The research, by the social enterprise and consultancy Diverse Ethics, looked at the RSPCA’s communications with beneficiaries and supporters and compared them with 10 other charities of a similar size, including the NSPCC and Diabetes UK.
The report concluded that the charities’ websites gave the impression that all people were the same and had similar problems. "On many websites, there was spin about diversity, for example by using ethnic images, but little substance," it says.
The study also found evidence that charities lacked ethnic diversity among their management and trustees. "The overall impression one got was that ethnic community engagement was either not understood fully, or not valued by the leadership of these charities," the report says.
It singled out Oxfam in particular, saying that members of its management and executive team were "primarily mono-cultural".

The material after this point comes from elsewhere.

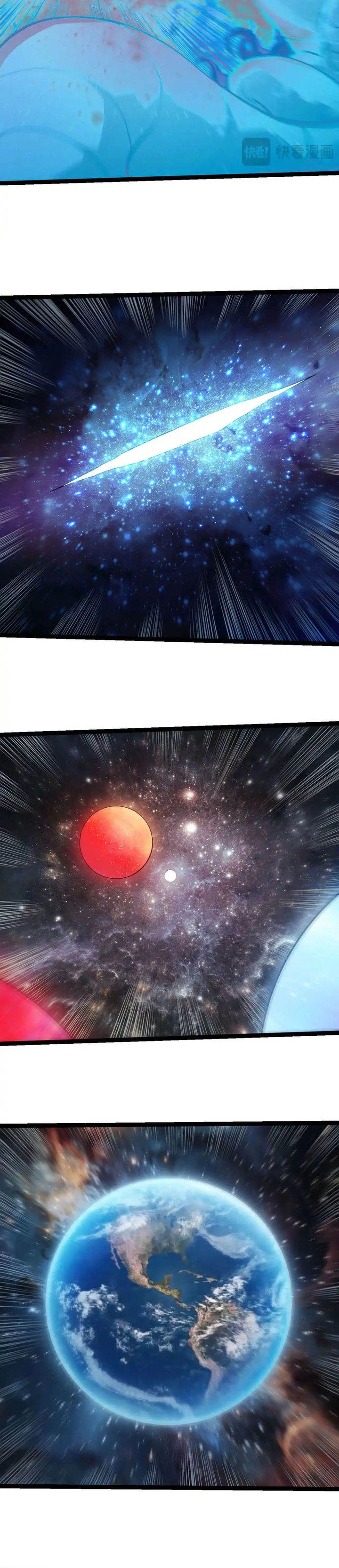 Read Evolution Begins With A Big Tree ID Manga Online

Jane Cotton, director of human resources at Oxfam, said it was a multicultural organisation.
"While a large number of staff in our head office are British, as is to be expected for an organisation based in England, Oxfam is a global organisation and key posts in our international offices reflect that," she said. "Four of our seven regional directors are from developing countries."
Atul Shah, chief executive of Diverse Ethics, said the RSPCA needed to "focus as much on the culture and values of human beings as on the animals".
He told Third Sector it was important for charities to develop communications strategies that were more inclusive of different ethnic groups.
In some cases, he said, if an ethnic group was particularly affected by an issue it might be appropriate to develop a sub-section of the website that was tailored to it.
"By making these changes, charities could benefit in terms of raising more funds from these groups and reaching more beneficiaries," said Shah. "And it could stop them from inadvertently discriminating through their communications."